With regards of sensitivity of PCR, there was a recent study published in the Journal of the American Medical Association that assessed the detection rate of PCR using different sample types in hospitalized patients. The detection rate in these various sample types range significantly, and as you can see on this slide, the highest rate of positive results was achieved when testing BAL fluid and sputum: 93% of the BAL were positive, and 72% of the sputum samples were positive in these patients. However, the number of positive results decreased in sample types such as nasal swabs and throat swabs at 63% and 32% respectively. I think these data are attributing to some of the information of a 60% sensitivity for PCR. But it’s really important to underscore when these patients were tested as these were mainly hospital patients. They were likely further along in their disease course, and we know now from the viral transmission data, again, that the virus tends to decrease in viral load in the upper respiratory tract further along in the disease. So this data actually makes a lot of sense—being that these are hospitalized patients—the virus is likely present at higher amounts in the lower respiratory tract, which we can see by the positivity rates and sample types such as BAL and sputum.

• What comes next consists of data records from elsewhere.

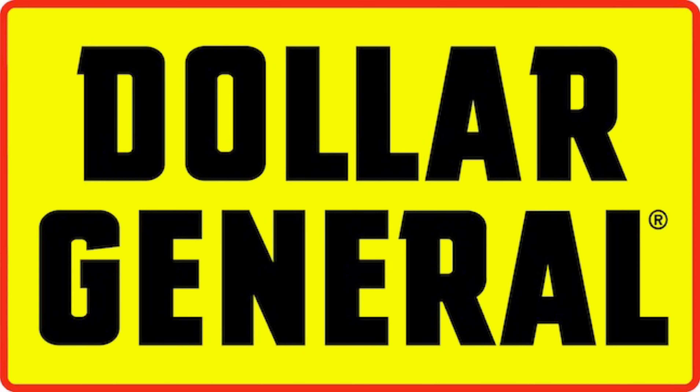Hey guys, welcome back to my channel. If you are new, welcome, and if you are returning, welcome back. These are a few Dollar General all-digital deals you can do for Saturday the 12th. So if you do not have any paper coupons, I am here to give you a few deals. Let's jump into the first deal.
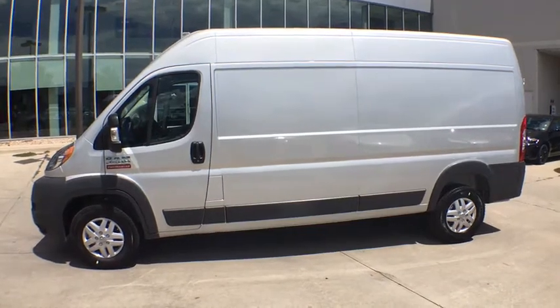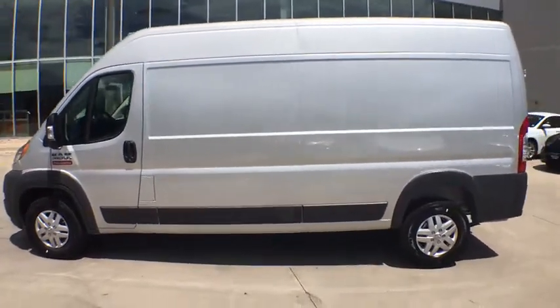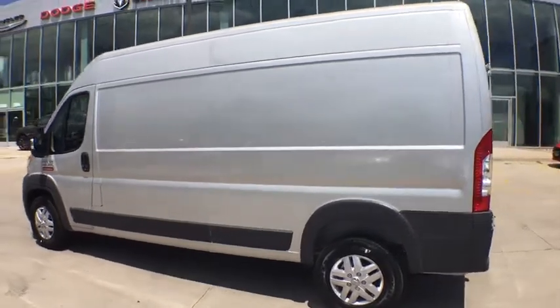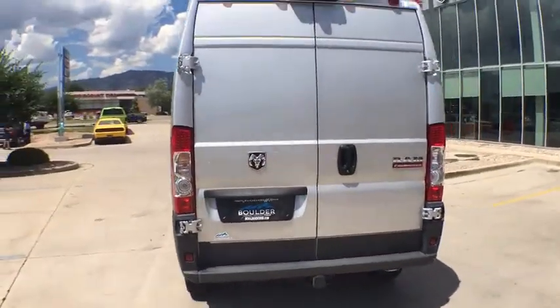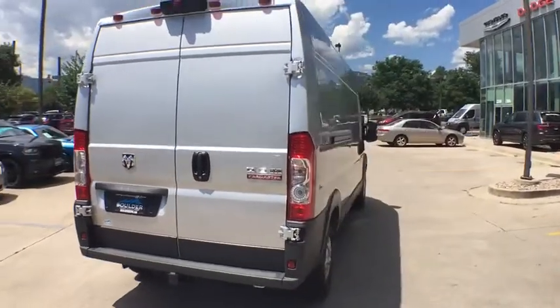The 2017 Ram Promaster. Ram Promaster provides superior on-the-job performance while helping your business carry more to more places. Here are some of this vehicle's great options.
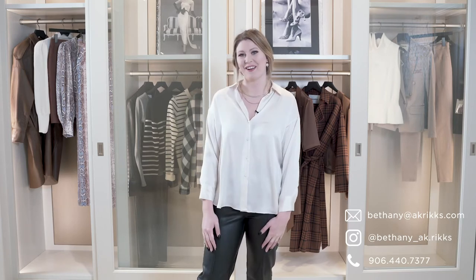Thank you guys so much for watching today. Like I said, everything in the closet today is 30% off, so come on in. I'd love to make an appointment with you. If you want to reach out via Instagram, I would love to hear from you, or you can find all my information at akrex.com.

In summary, COVID-19 is continuing to cause a worldwide pandemic involving millions of cases. It’s caused by a variant virus called SARS-CoV-2. We now have several laboratory tests for SARS-CoV-2. Real-time PCR is used for acute diagnosis of patients with symptoms, and serology can be used to determine whether an individual has been exposed to the virus and mounted an antibody response.
Importantly, the sensitivity of PCR testing depends on a number of factors, including the timing of disease, when the test is performed, the type of sample that is collected, the quality of the sample, and finally, the performance characteristics of the test itself.
Thanks very much for joining me for this Hot Topic on COVID-19 molecular testing, and if you have any questions, you can submit them to Mayo Clinic Laboratories. Thank you.